Phase 2 involves underground mining for 15 years once Phase 1 is complete. Total production during Phase 2 is expected to be 1.7 million ounces of gold and 850 million pounds of copper.

==Permitting==
The Skouries project is permitted under the same Environmental Impact Study (EIS) as the Olympias and Stratoni assets. The EIS was approved by the Greek Government in 2011. This environmental permit was challenged but was upheld by the Council of State, Greece's highest administrative court, in 2012 citing Eldorado's "investment was particularly advantageous for the national economy".

Other permitting and licensing delays have also hampered the development of Skouries.

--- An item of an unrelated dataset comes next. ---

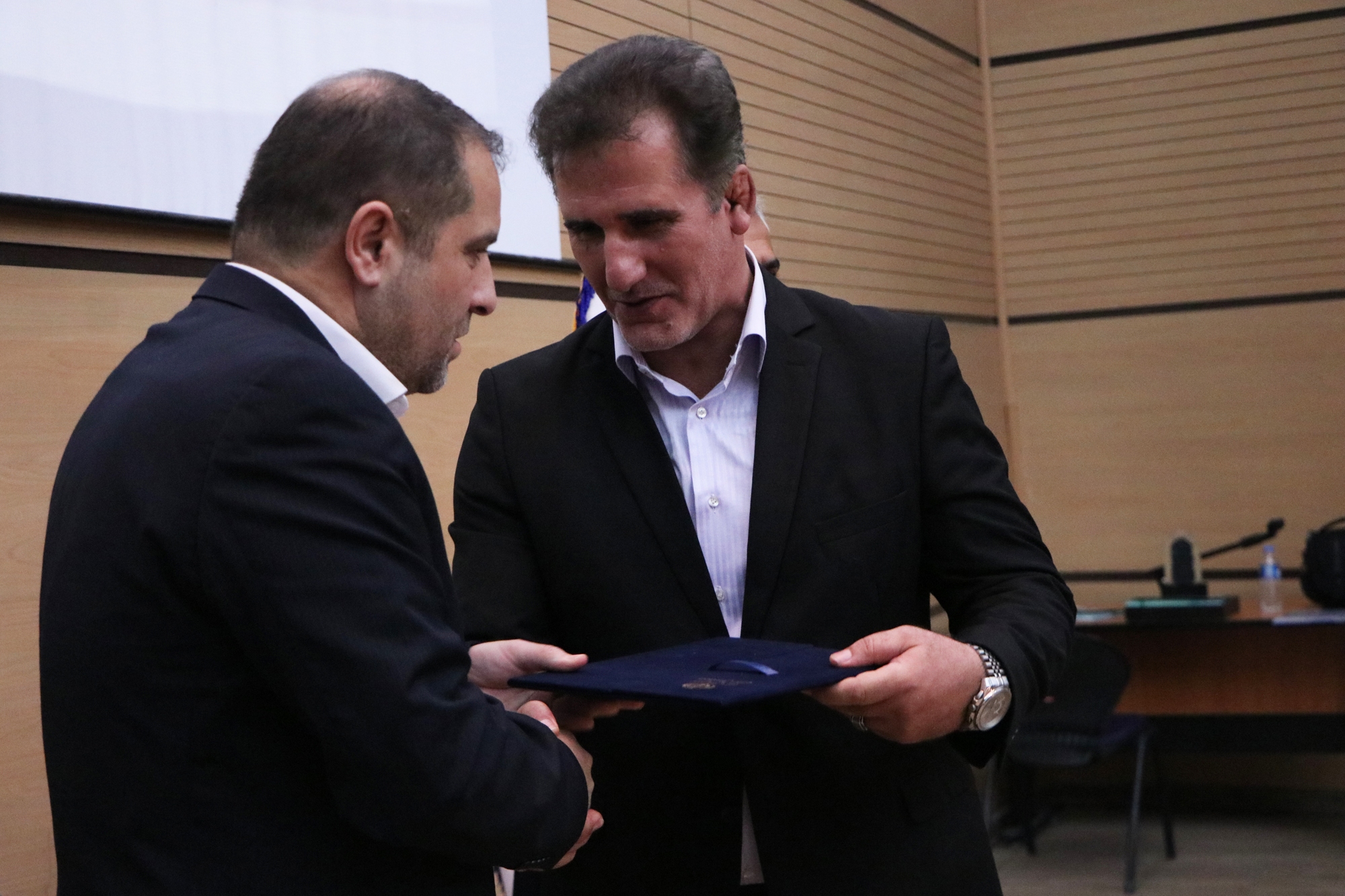 گزارش تصویری/مراسم تودیع معارفه‌ی مدیر کل ورزش جوانان استان سمنان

- March 2015 - The Syriza government suspends the application for the building enclosure permit at Skouries from the approval process.
- August 2015 - The Greek Ministry of Environment and Energy suspends technical studies pertaining to Skouries and Olympias. The Greek Council of State issues injunction relief in favour of Eldorado Gold in October 2015 overturning the suspension of the Technical Studies for Olympias and Skouries.
- February 2016 - The Building Permit for Skouries processing plant is received based on a Council of State ruling.
- November 2017: Skouries project suspended due to delays in receiving environmental permits.
- September 2019: Permits for installation of mechanical and electrical equipment in the Skouries mine (and an installation permit for Olympias mine) were provided by the Greek Ministry of Energy and Environment.
- April 2023: Approval of environmental terms for the exploitation of the Kassandra Mines.

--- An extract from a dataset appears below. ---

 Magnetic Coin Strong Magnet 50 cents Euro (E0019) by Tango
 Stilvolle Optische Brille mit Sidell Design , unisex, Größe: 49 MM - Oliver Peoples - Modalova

==Opposition to development==
The majority of the local population has opposed the project, citing tremendous environmental impact, resulting to the complete desecration of tourism and agriculture in the area (those industries make up almost all financial activity in the area). The local population demonstrated over the years, even shutting down national roads, but the construction is still going on.